The student who started the Dessert Trinity is graduating in June and wished to remain anonymous to protect the integrity of the trend. The student explained why friends wanted to create an alternate challenge to the alcohol trinity.

“A lot of my friends are turning 21, and they don’t like alcohol,” the student said. “People get really wrecked after doing the Alcoholic Trinity, so I thought: ‘Why don’t we do something that we like?’ So, desserts. That’s how the Davis Dessert Trinity was created.”

Students completing the Dessert Trinity must visit the Davis Creamery first and order a Cow Grande or Simple Fudge Brownie Delight. At Sweet and Shavery, they should get a combo crepe and small custard, parfait or Italian ice. The last stop is an eight-ounce cup of Yolo Berry Yogurt. 

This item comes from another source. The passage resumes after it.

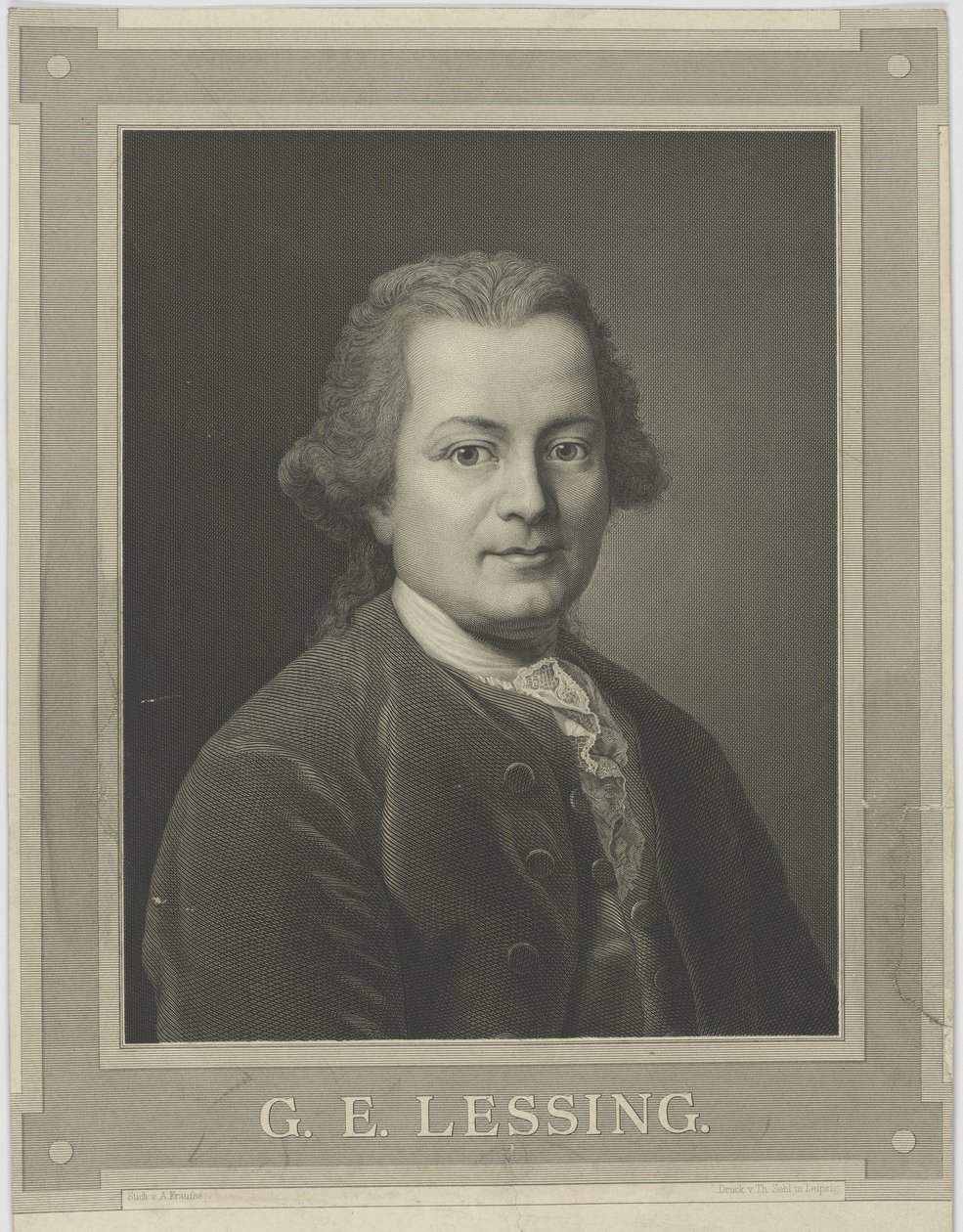 Porträt von Gotthold Ephraim Lessing 1729-1781, um 1840 von Alfred Kraufse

One weekend, after thinking of the Dessert Trinity, the student joined a group of friends to complete the challenge.

“I and all of my friends have sweet tooths, so we thought it would be no problem,” the student said. “After the first one, I was challenged, but it was satisfying because ice cream is great. The second one was like, ‘We’ll do it just to do it.’ When we went to Yolo Berry, it was nice that it was self-serve, because all of us had different portions that we could stomach.”

Kailyn Bunt, a second-year animal science major at UC Davis, has worked at Sweet and Shavery for seven months. She described how the newly-founded trend has already gained some traction in the city. 

“During my shifts at least, we’ve had three or four people come in and talk about the Davis Dessert Trinity,” Bunt said. “I think there’s been a lot of interest in it. I find it really interesting — I think it’s kind of cool. I know there’s a few places I’ve tried before, so I think it would hurt to do it.” 

 Yet, Precious Andrad, a fourth-year international relations major at UC Davis, worked at the Davis Creamery for two years and has not yet heard about the challenge nor served any students completing it.

If a worker isn’t aware of the challenge, the founder said students should show them its Wikipedia page and ask for the listed dessert. 

The owner of Yolo Berry Yogurt, Lee Pflugrath, also said he hasn’t served anyone doing the challenge yet, but he thinks the Dessert Trinity is a good idea and wanted to support it.

“I always help young entrepreneurs to start stuff,” Pflugrath said. “It was one of those things where I liked [the] project, it looked like a great idea and well put-together. I really believed in [the] project.”

The founder explained that these specific locations were chosen to be part of the Trinity because they are local and a vital part of the UC Davis student community. 

“I asked myself which dessert places characterize Davis, so I didn’t do the chains,” the student said. “I knew Davis Creamery and Yolo Berry were for sure because I knew a lot of clubs do fundraisers there, and they’re staples to being a Davis student. And Sweet & Shavery was close and provided a diverse selection of desserts — rather than just ice cream.”

Bunt agreed that the Dessert Trinity will help these local dessert stores by drawing in more students.

“I think it definitely does make business a little bit better,” Bunt said. “We are a community-owned store, so having students [be] more involved in the community and not a chain is better.”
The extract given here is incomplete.